Imma

Imma ovvero la fenomenologia del fallimento

L’errore più grave che si possa commettere avvicinandosi al cinema del reale è quello di voler liquidare precipitosamente le intenzioni dell’autore. Difficile che un documentario indipendente ammesso a un festival (lo svizzero Visions du Réel) espliciti attraverso l’intervento diretto del regista un punto di vista preciso e univoco. Se consideriamo Imma di Pasquale Marino come un ritratto d’artista in lotta coi mulini a vento dello showbiz, ciecamente schierato con gli ideali naif della sua protagonista, non solo sbaglieremmo le traiettorie dell’inquadratura ma ci perderemmo le chiavi per accedere a una riflessione-sineddoche prima sull’industria dello spettacolo contemporanea e poi, di riflesso, su una tendenza sociale diffusa che riguarda l’ingresso nel mondo del lavoro. Lo scarto tra ciò che il film sembra essere e ciò che effettivamente è resta avvolto da una nebbia di ambiguità difficile da diradare; siamo certi tuttavia che Marino sia riuscito a distillare l’essenza di una condizione esistenziale più comune di quanto si immagini.

Imma di Ninno arriva a Roma in cerca di fortuna come attrice. I primi (e tanti) soldi che spende sono a favore di una cartomante in cerca di buoni auspici. Il traffico all’esterno della stazione Termini sembra complottare contro di lei. Durante la conversazione con un agente immobiliare suo amico che le mostra una casa da prendere in affitto, troppo costosa, siamo in grado di conoscerne il passato e la svolta della vita, ovvero la vittoria di Uno, due, tre… stalla!, reality show del 2007 tra i più trash della televisione italiana. Lo sappiamo, la fama dura poco e bisogna avere le doti giuste per rimanere sotto i riflettori. Ad eccezione dei i viaggi in Africa e in India dopo aver cavalcato l’onda del successo, il mediometraggio sembra seguire con primi e primissimi piani non solo il periodo nella Capitale, ma una routine frustrante che dura da anni.

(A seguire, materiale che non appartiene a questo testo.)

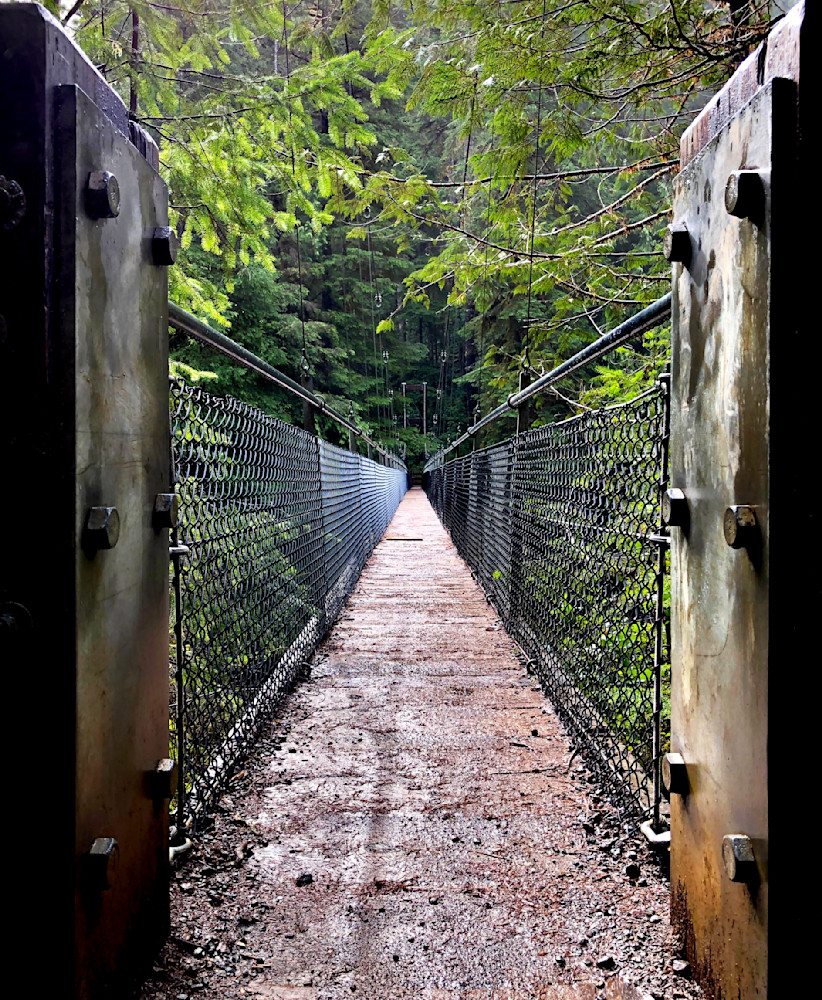 Drift Creek Suspension Bridge Photography Art | InYourBackyard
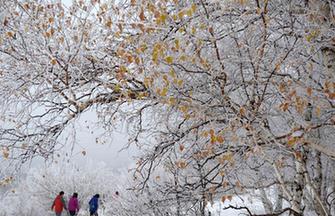 Autumn scenery in Tibet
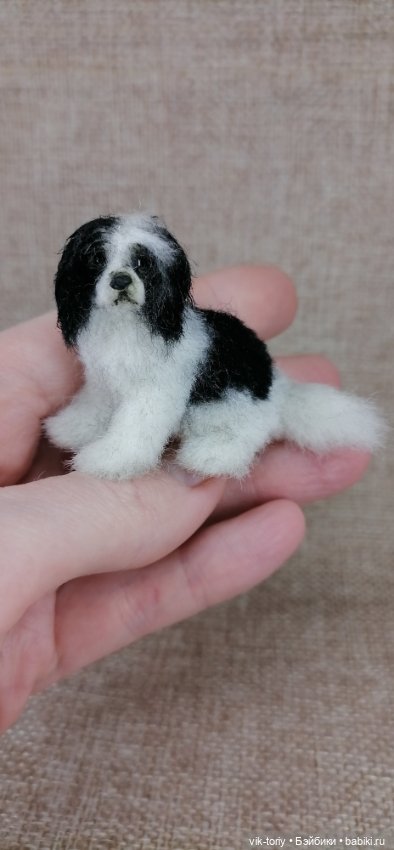 Собака неизвестной породы 🐶 (фото 6)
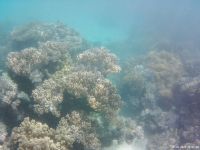 Korallen im Great Barrier Reef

Le chance concesse da giovani autori di teatro sperimentale, i provini andati malissimo con quelli affermati (Massimo Gaudioso), le chiacchierate con due sceneggiatori sul sogno nel cassetto di scrivere un film e sulla mancanza di prospettive, la passione per la poesia e la fascinazione per un mondo misura d’arte fanno di Imma un personaggio tragico senza il minimo talento, irrimediabilmente destinato a perdere. Se abbiamo la sensazione che il regista intraveda nella donna qualcosa di più, l’eventuale barlume di capacità incomprese, è solo per l’affetto che si può provare nei confronti di chi ce la mette tutta per inseguire una passione senza avere un briciolo di raziocinio. Solo in questo senso possiamo intendere la protagonista come un’eroina, per la testardaggine di cercare la felicità scontrandosi continuamente col fragore della porta in faccia.

Con un ottimo uso della musica che accentua i climax e i contrasti tra il sotto-testo e la messa in scena, quest’ultima capace di catturare scenografie che sembrano provenire dal cuore romantico dell’aspirante attrice, Imma racconta la fenomenologia del fallimento a partire dalle false illusioni alimentate dalla tv spazzatura e dall’incapacità di accettare i propri limiti. Le opportunità di cui la donna non godrà mai sono le stesse di milioni di giovani pieni di velleità artistiche desiderosi di sfondare nel cinema, nella letteratura o nell’arte in generale. Marino ci ricorda con fare indulgente che le emozioni e il benessere psico-fisico derivanti dalla scrittura e dalla recitazione non bastano per farne una professione e nella storia della Di Ninno, che sembra sacrificare tutto per realizzare sé stessa, compresa l’educazione della figlioletta che si porta dietro, trova un personaggio capace di incarnare i disvalori del nostro tempo.